The presence of planktic foraminifera in central India can only be explained by a source of marine waters. Jhilmili is located in central India about 800 km from the present coast to the west and equally distant from the eastern coast (Fig. 21). A marine incursion would therefore have originated from an existing major seaway deep into central India. Jhilmili is located near the easternmost extension of the Tapti rift valley, which forms an arm of the Narmada rift valley. The obvious seaway would therefore have been from the west along the Narmada and Tapti rift valleys (Fig. 27). Alternatively, a seaway could have extended north along the Godavari rift valley, but insufficient data is presently available to explore this option. Both seaways could have operated at the same time (Bande et al., 1981), Sahni (1983) as suggested by the distribution of abundant dinosaur eggs and nests surrounding these two rift valleys (Fig. 27). (Keller et al., 2009a, b, c).

Marine incursions along the Godavari and Narmada rift zones are known from the lower Cretaceous and late Cenomanian to early Turonian Bagh Formation based on marine invertebrates, including ostracods, planktic foraminifera and algae (Chiplonkar and Badve, 1968; Badve and Ghare, 1977). Planktic foraminiferal assemblages from the Chirakhan marl of the Bagh Formation indicate a late Cenomanian to early Turonian age, a time of maximum sea level transgression (Sharma, 1976; Rajshekhar, 1996). However, evidence for a seaway during the late Cretaceous is highly controversial and based largely on sedimentological data (e.g., Singh (1981), but see Tandon et al. (1995), though lagoonal deosits have been identified in the Maastrichtian Lameta beds of the Jabalpur area (Shukla and Srivastava, 2008). From Keller et al., 2009a.

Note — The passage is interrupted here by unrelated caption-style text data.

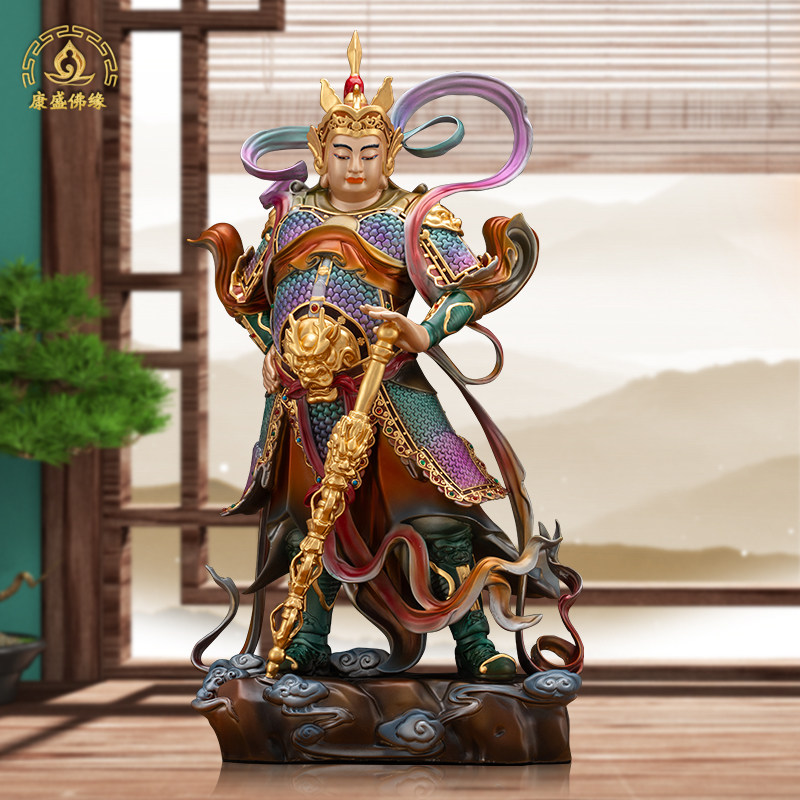 台湾铜丹彩韦陀菩萨佛像客厅摆件门神韦驮护法神像风水家居装饰品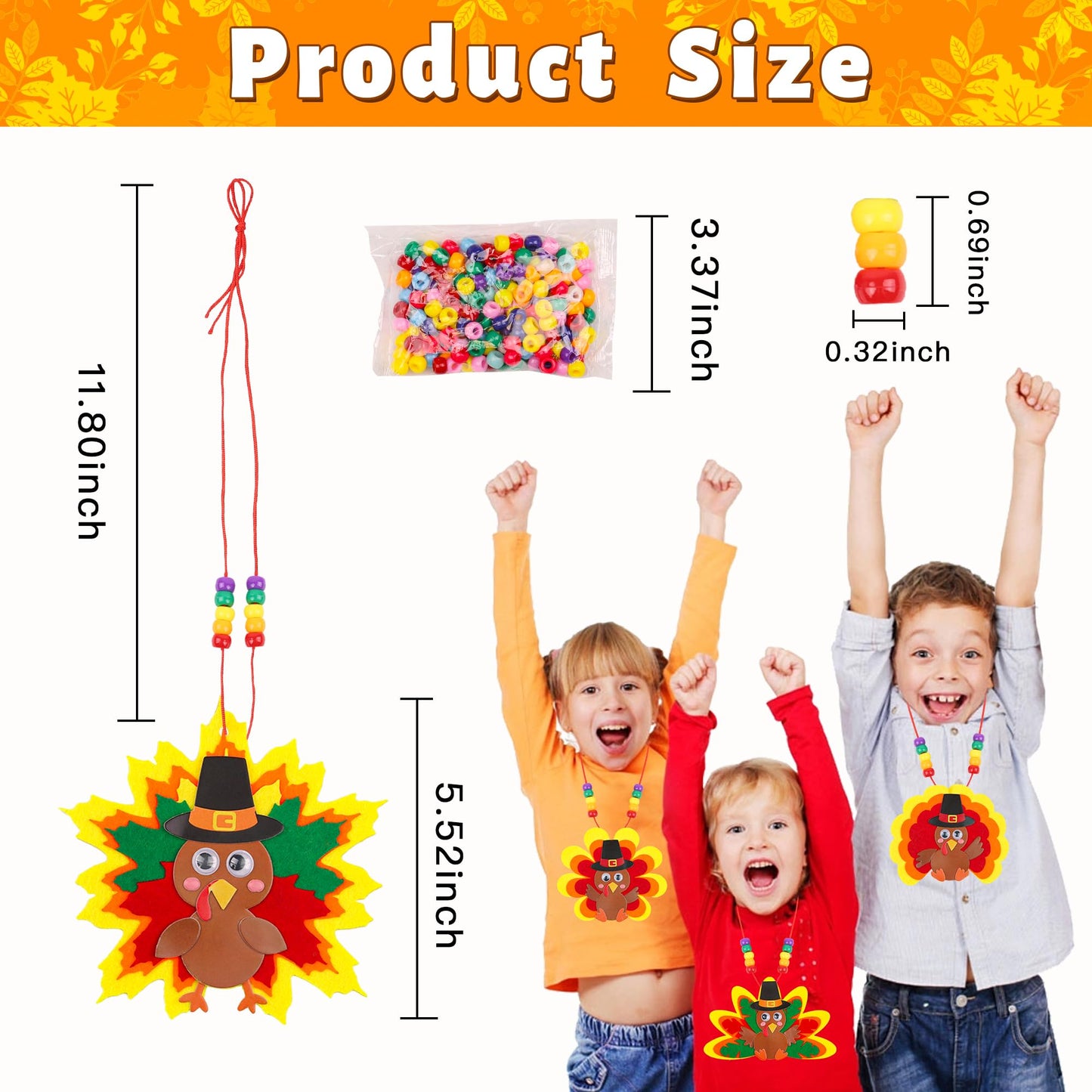 Huyamap Thanksgiving Turkey Necklace Craft Kits 24 Pack Colorful Style 1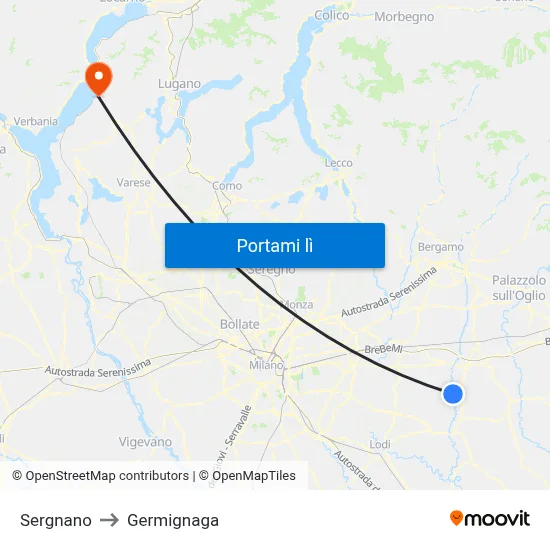 Sergnano to Germignaga map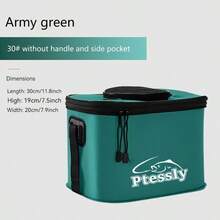 1 xô câu cá EVA gấp gọn di động, hộp đựng cá sống, bình chứa nước cắm trại, túi đựng dụng cụ câu cá, xô câu cá gấp gọn đa chức năng (Không bao gồm bơm hơi) - xanh quân đội - Xem 4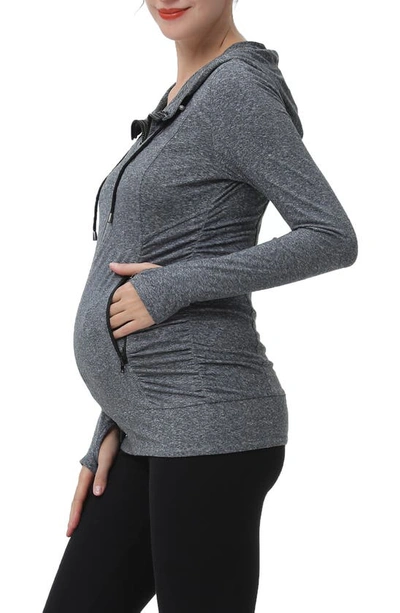 Shop Kimi And Kai Momo Ruched Zip Maternity Hoodie In Dark Heather Gray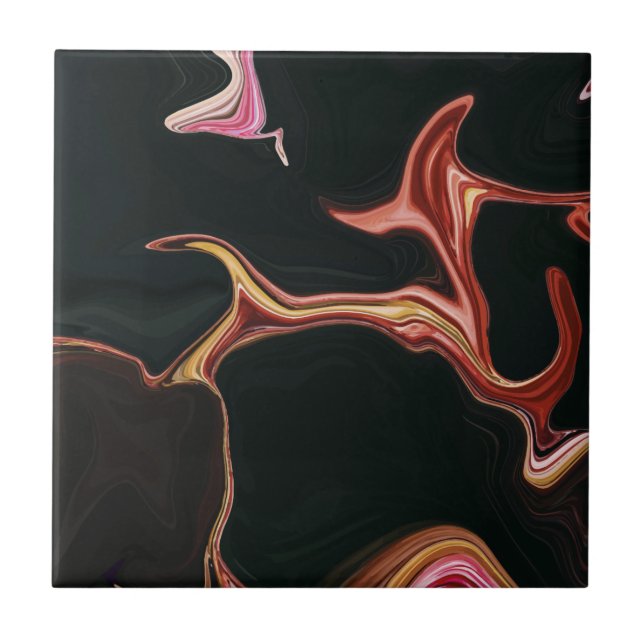 Elegant Black Marble Texture Background Ceramic Tile (Front)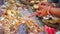 Different type of foods holding on temple for birds and animals during a Hindu festival. Sacred food to exhort God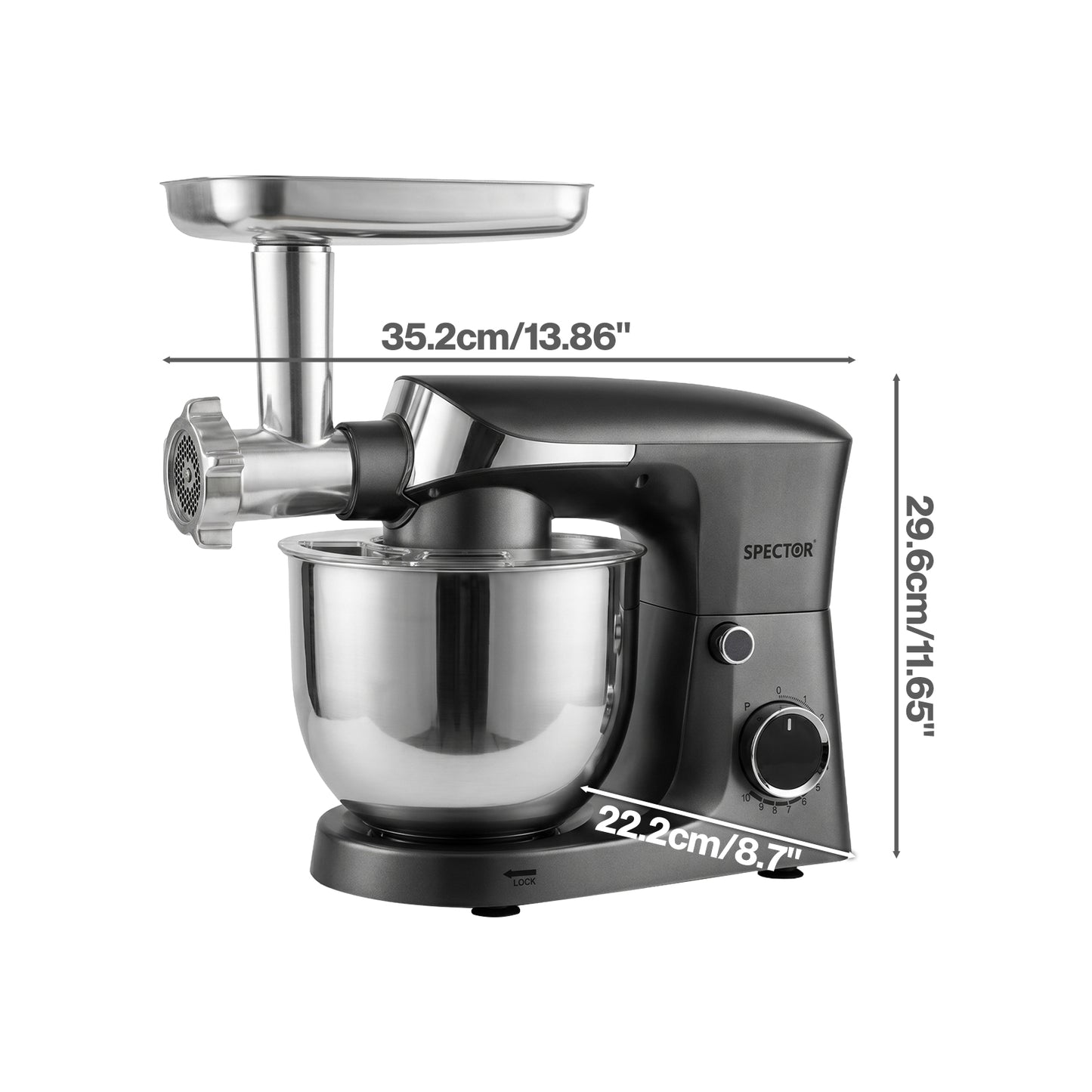 Spector 9 in 1 Stand Mixer 1500W Food Mixer Meat Grinder Kitchen Machine 5.5L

Map of India showing the seaway and the distribution of dinosaurs deposits

Figure 27. During the Cenomanian a seaway existed from the west into central India through the Narmada and Tapti rift valleys. This seaway is likely to have existed during the KT transition and can explain the presence of marine foraminifera at Jhilmili. The dinosaur egg distribution mirrors the location of this ancient seaway suggesting that this was the location of dinosaur nurseries.

Summary

Intertrappean deposition occurred in predominantly terrestrial semi-humid to arid environments. But a short aquatic interval of fresh water ponds and lakes followed by a shallow brackish marine coastal environment is indicated by ostracods and early Danian zone P1a planktic foraminifera that mark this interval very close to the K-T boundary. This marine incursion marks the existence of a nearby seaway, probably extending inland from the west through the Narmada and Tapti rift valleys. The Jhilmili results thus identify the KT boundary near the end of the main phase of Deccan eruptions, similar to Rajahmundry quarries, and indicate that a major seaway extended at least 800 km across India. This projected seaway is surrounded by abundant dinosaur nesting sites and appears to have supported thriving dinosaur nurseries. Dinosaurs disappeared with the onset of phase-2 Deccan volcanism.

Figure 28. Death of dinosaurs as a result of Deccan volcanism. Ilustration by NSF artist based on research on Deccan Volcanism by Keller’s team. Fissure eruptions, similar to the Laki eruptions, are shown as the likely type of volcanism.